I would like to know more about what the Anglo-Indians do to maintain their Englishness and how well integrated they are into Indian culture. It’s a smallish group (by Indian standards) and I suppose they may develop like Irish Americans, who are clearly American but don’t deny their Irish roots.

The session at the Literary Meet didn’t satisfy me but I was glad I went. In learning about India and Bengal, the widespread use of English is very useful for me so that I can follow what’s happening culturally and socially.

To the neighbouring state of Odisha

Wednesday, 19 January 2023

Up early for a 5.30 departure, the station forecourt at Puri (Odisha) was full of people who had spent the night there. But they might have been going upcountry and not on our train to Kolkata. Puri has a fine beach and is a tourist resort for Indians, especially perhaps Bengalis, although the sleepers didn’t look like holidaymakers (they had perhaps been there for a religious festival).

If you have a reserved seat, Indian trains can be spacious; the main Indian rail gauge is broader than in the UK, 5 foot six inches  instead of 4 foot and 8½ inches, five seats across with plenty of space for elbows and legs.
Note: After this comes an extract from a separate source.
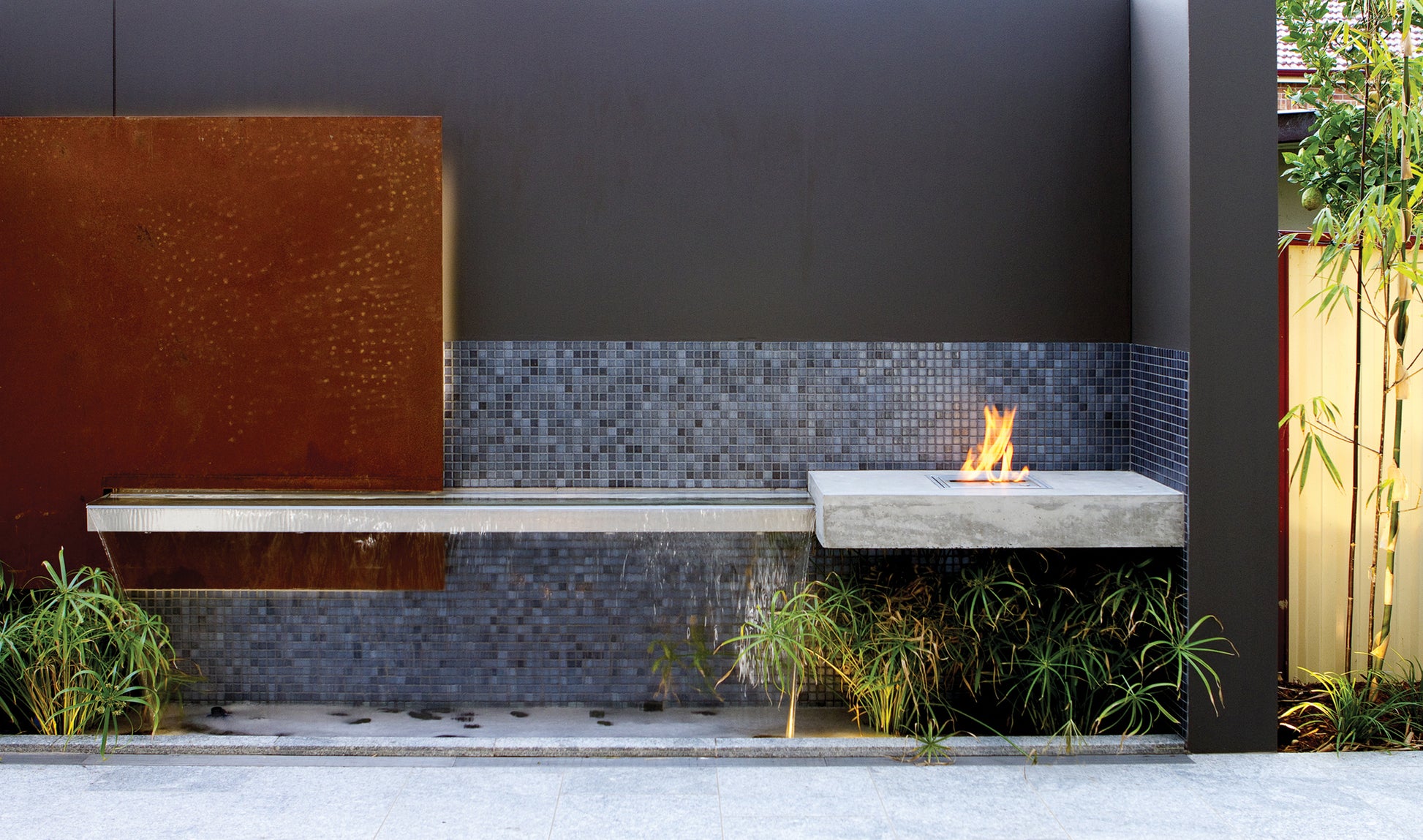 Outdoor setting with a fire pit, bench, and decorative wall.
And they have not been “rationalised” with additional seating as in some Swedish trains causing some seats to have no window or only a very partial view. Here there was even a foot rest like the old Swedish stock from the 1960s and earlier.

The trains aren’t fast – the average speed of our express was about 50 mph. But it got to Kolkata on time and we had food served at our seat (twice) so I wasn´t complaining but worked my way happily through a couple of Bengali lessons, read a short story by Anita Desai and a few pages of Pagnol as well as thinking about what I would write about St Jerome’s involvement in religious disputes.
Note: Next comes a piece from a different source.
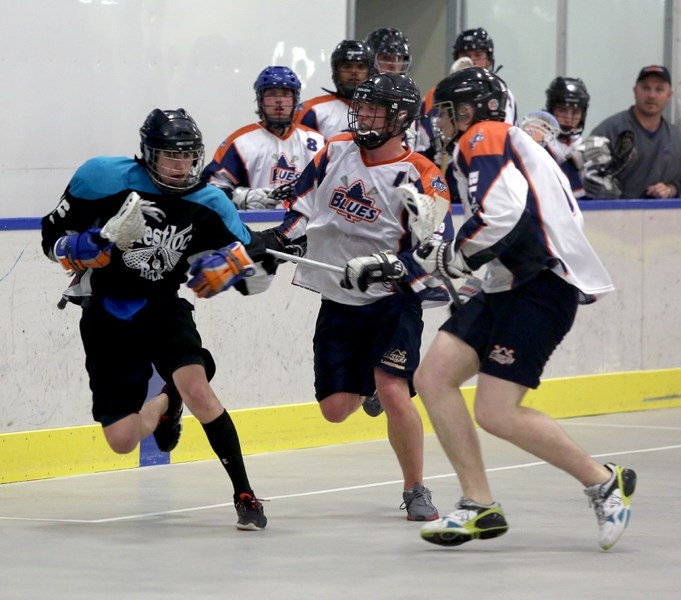 Jordan Boulerice evades two Edmonton Blues defenders on Friday evening during the Westlock junior Rock’s 12-10 home win. The Rock battled hard to pull off the win, overcoming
I’m tired of hobnobbing with life-denying Christian ascetics. I don’t think he should use his stone to beat his breast for thinking about his libidinous youth but instead give himself a bash or two for his thoughts about the purity of monastic life.

I enjoyed my days in Puri. My admittedly superficial impression of Odisha is that it felt less self-confident about its identity than West Bengal. They speak mainly Odia there, with a rounded alphabet that reminds me of Malayalam further south instead of the more angular Bengali and distinctly spiky Hindi. According to one source (perhaps it was.  Wiki), it’s rounded as they used palm leaves when they started to write, which easily break if you draw sharp straight lines on them. It’s a nice story although it has an “apocryphal” feel to it.
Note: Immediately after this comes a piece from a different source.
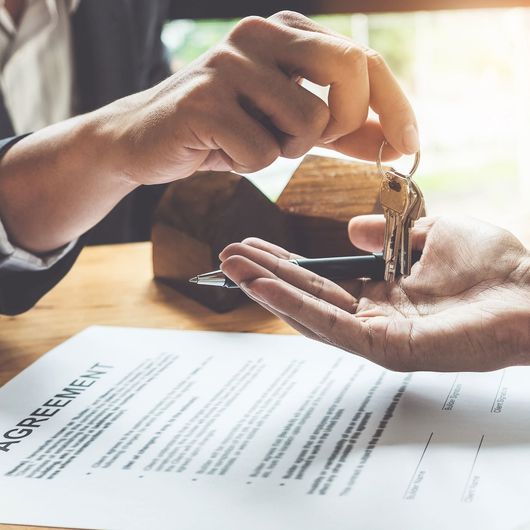 Estate agent giving house keys to customer and sign agreement in office.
The main language is called Odia (or Oriya from colonial times when the state was referred to as Orissa), “d” in Odia is apparently pronounced so that it sounds similar to “r”.

The beach at Puri is fine – long and sandy, although there are apparently treacherous currents. Indian women (of all ages) sit on the beach in their saris – I saw none in the water in a bathing costume. Sometimes, however, they remain sitting when the waves come in making their dresses wet. But I didn’t see any awkward towel-draped gyrations to change clothes. They seemed happy to remain sitting on the beach until they were dry,

While there were groups of women sitting together, there were also mixed sex groups of young people, associating freely with one another and looking and behaving much like their peers in Europe, with the exception of the women (and, in fact, most of the men, not going in the water other than paddling.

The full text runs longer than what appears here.